Directions for this task >>
Print nothing but the lines below starting at the line that holds "3 Pet Poster" and ending at the line that holds "Graphic-logo print sweatshirt", including both, each exactly as written.
--- Data Enclosed Below ---
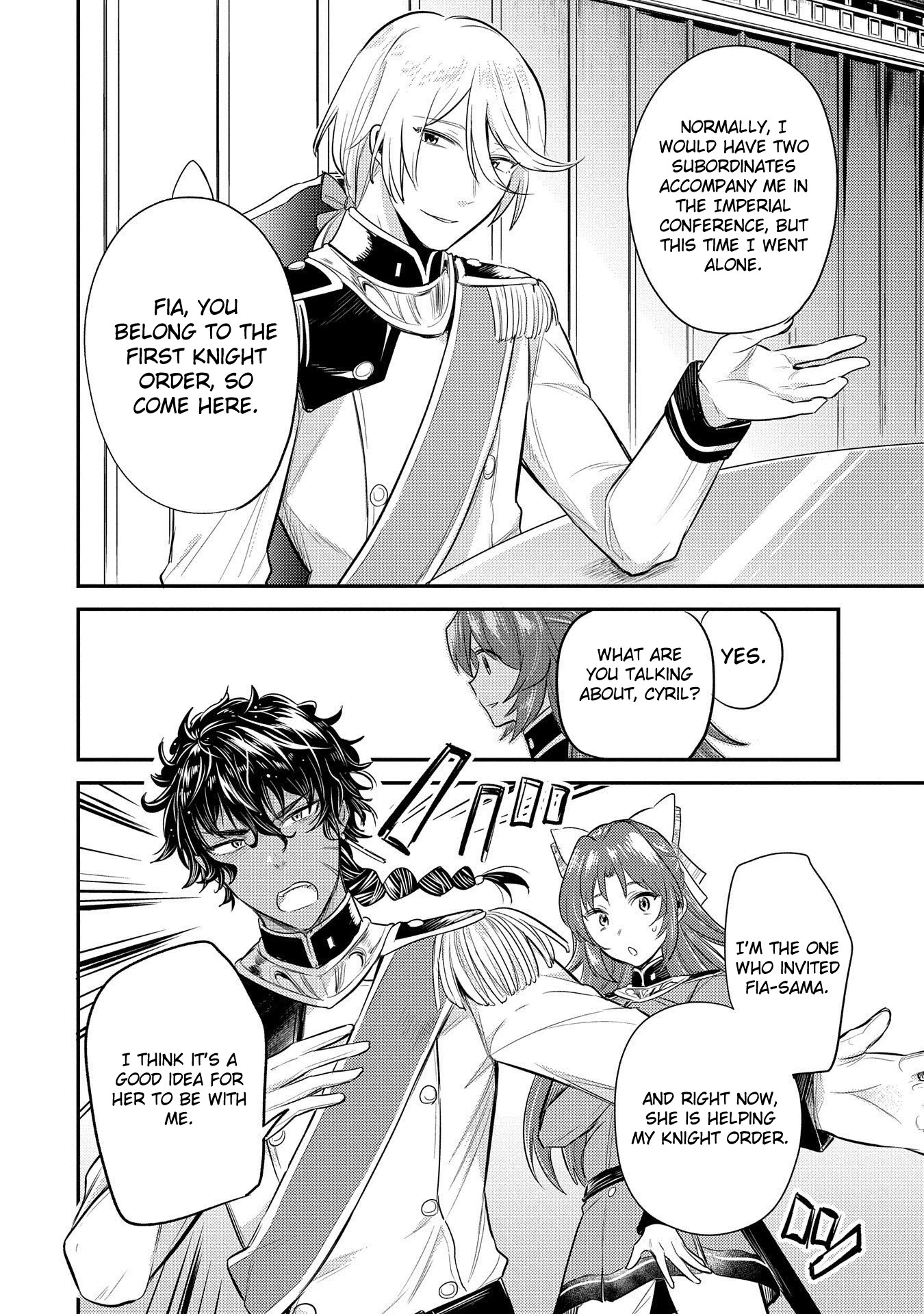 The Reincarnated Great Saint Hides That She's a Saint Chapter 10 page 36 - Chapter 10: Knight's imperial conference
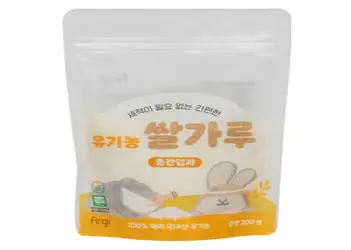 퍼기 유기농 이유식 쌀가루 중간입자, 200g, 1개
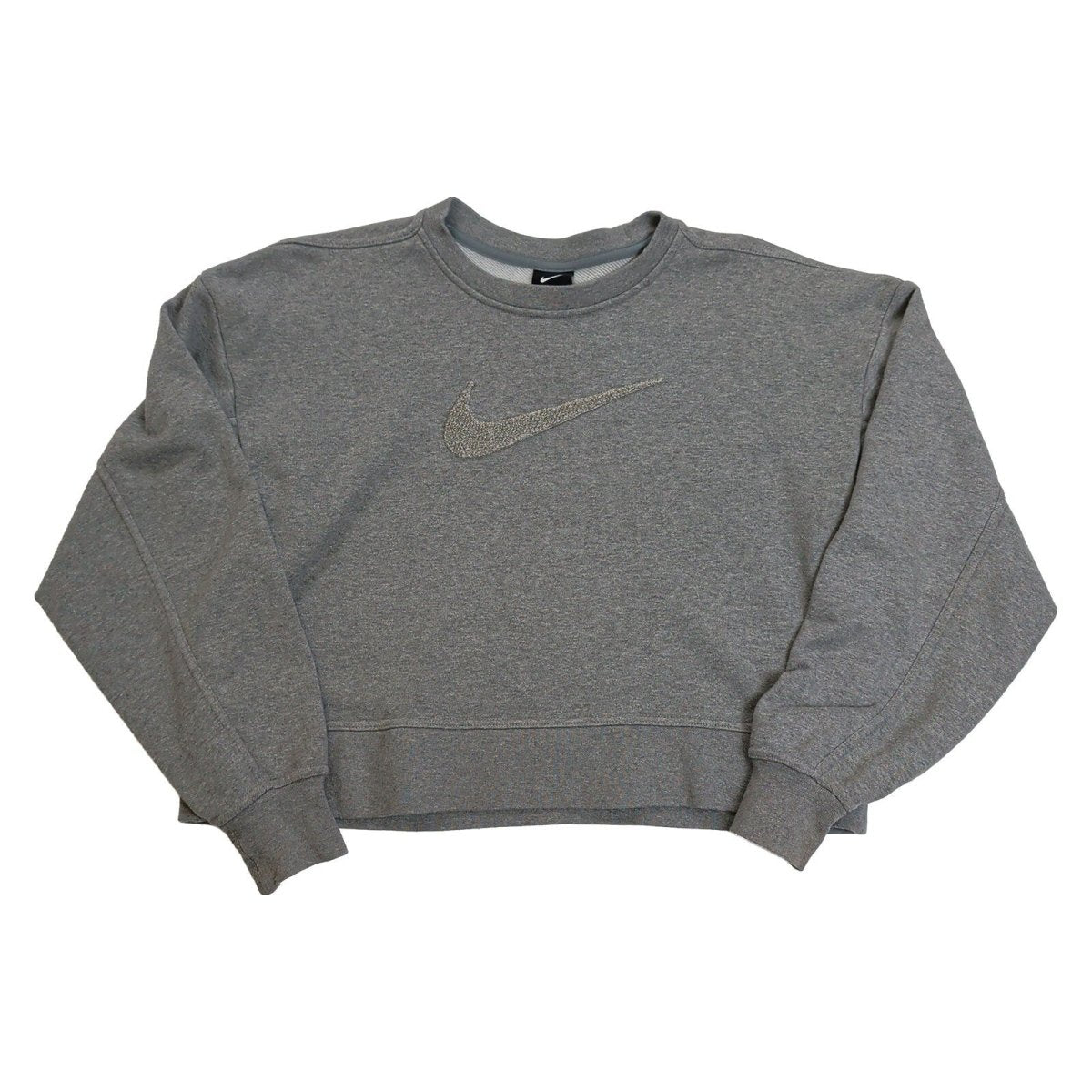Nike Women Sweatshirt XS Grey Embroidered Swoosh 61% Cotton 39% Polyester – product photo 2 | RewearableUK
--- End of Enclosed Data ---
--- Data Enclosed Below ---
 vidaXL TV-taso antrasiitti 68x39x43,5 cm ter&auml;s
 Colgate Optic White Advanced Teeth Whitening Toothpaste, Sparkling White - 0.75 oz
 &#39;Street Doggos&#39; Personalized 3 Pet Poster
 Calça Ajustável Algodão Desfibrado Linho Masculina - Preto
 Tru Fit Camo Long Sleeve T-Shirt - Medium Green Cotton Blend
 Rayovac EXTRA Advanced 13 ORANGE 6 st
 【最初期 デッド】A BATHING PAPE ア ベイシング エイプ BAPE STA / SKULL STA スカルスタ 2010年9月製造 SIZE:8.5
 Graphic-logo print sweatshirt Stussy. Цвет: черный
--- End of Enclosed Data ---
--- Data Enclosed Below ---
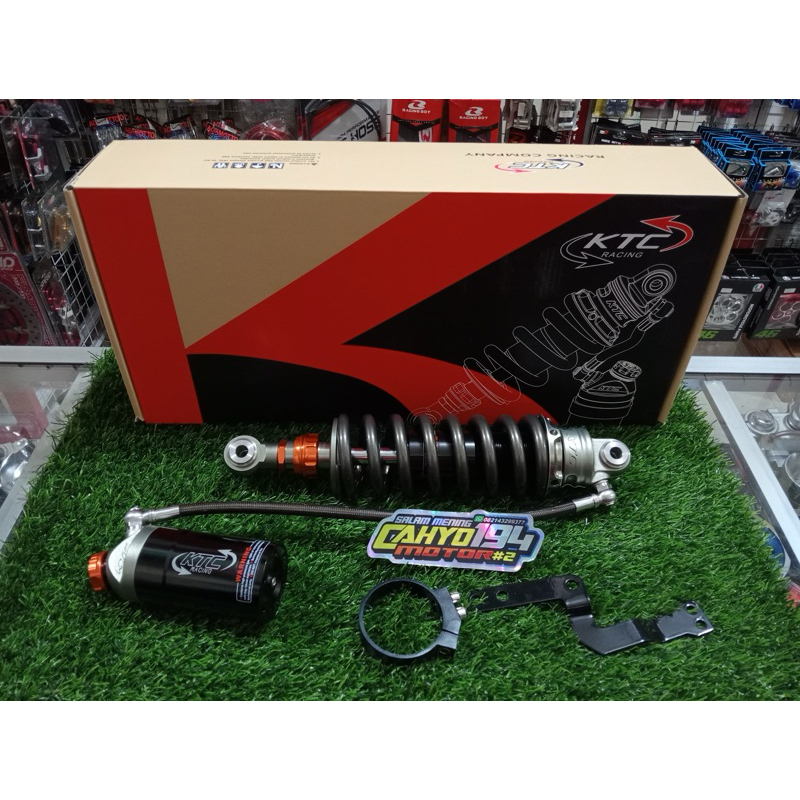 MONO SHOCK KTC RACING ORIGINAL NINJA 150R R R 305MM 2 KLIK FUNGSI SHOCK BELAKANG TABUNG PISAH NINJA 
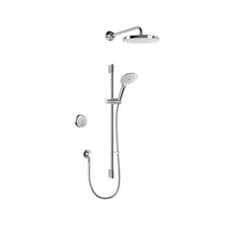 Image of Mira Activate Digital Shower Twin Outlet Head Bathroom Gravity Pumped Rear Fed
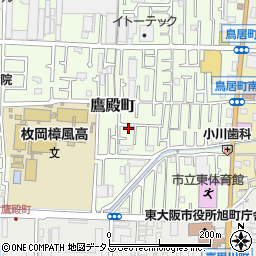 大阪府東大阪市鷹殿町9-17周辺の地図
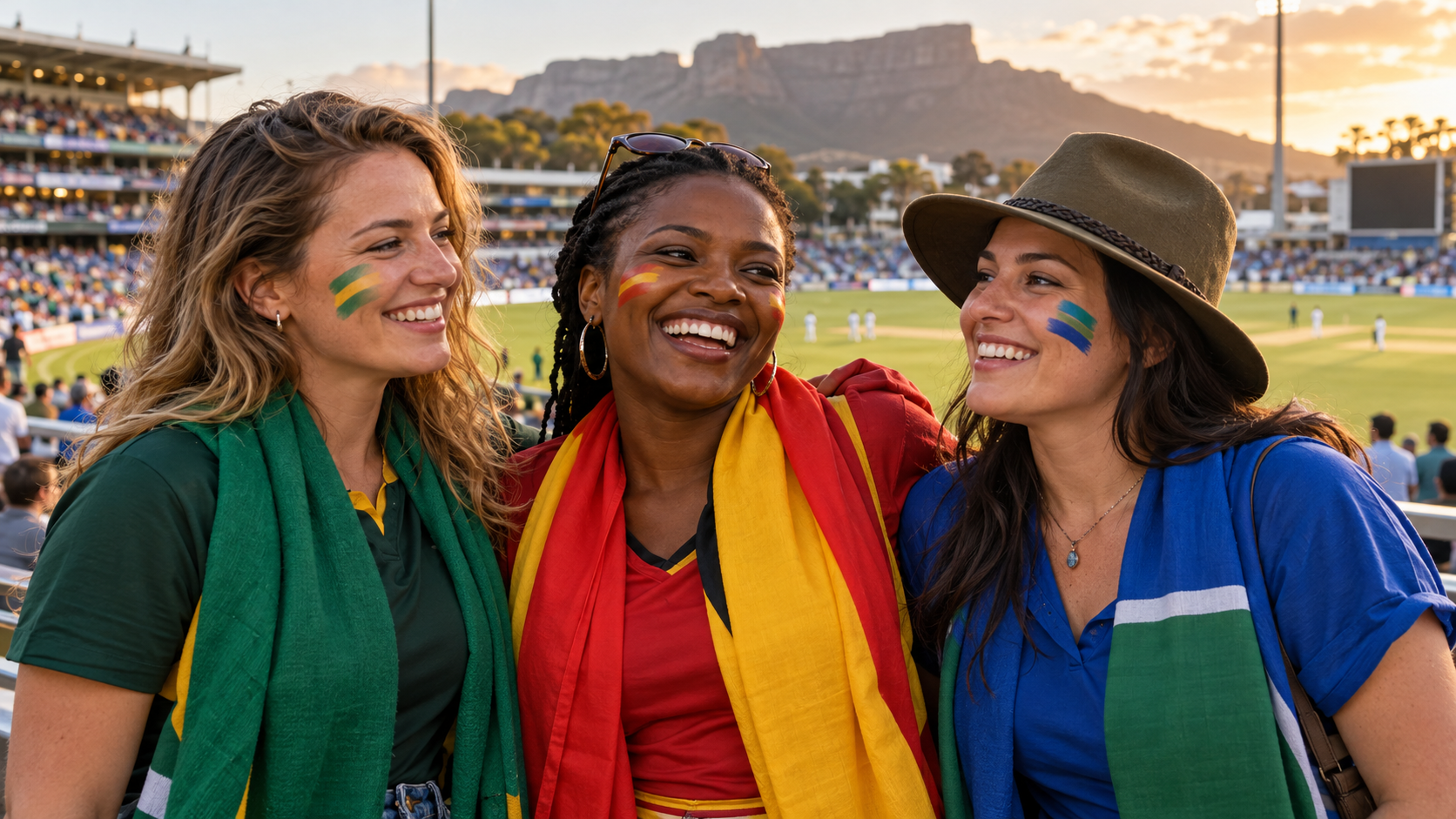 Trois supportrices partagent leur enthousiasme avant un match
--- End of Enclosed Data ---
Response to the task >>
 &#39;Street Doggos&#39; Personalized 3 Pet Poster
 Calça Ajustável Algodão Desfibrado Linho Masculina - Preto
 Tru Fit Camo Long Sleeve T-Shirt - Medium Green Cotton Blend
 Rayovac EXTRA Advanced 13 ORANGE 6 st
 【最初期 デッド】A BATHING PAPE ア ベイシング エイプ BAPE STA / SKULL STA スカルスタ 2010年9月製造 SIZE:8.5
 Graphic-logo print sweatshirt Stussy. Цвет: черный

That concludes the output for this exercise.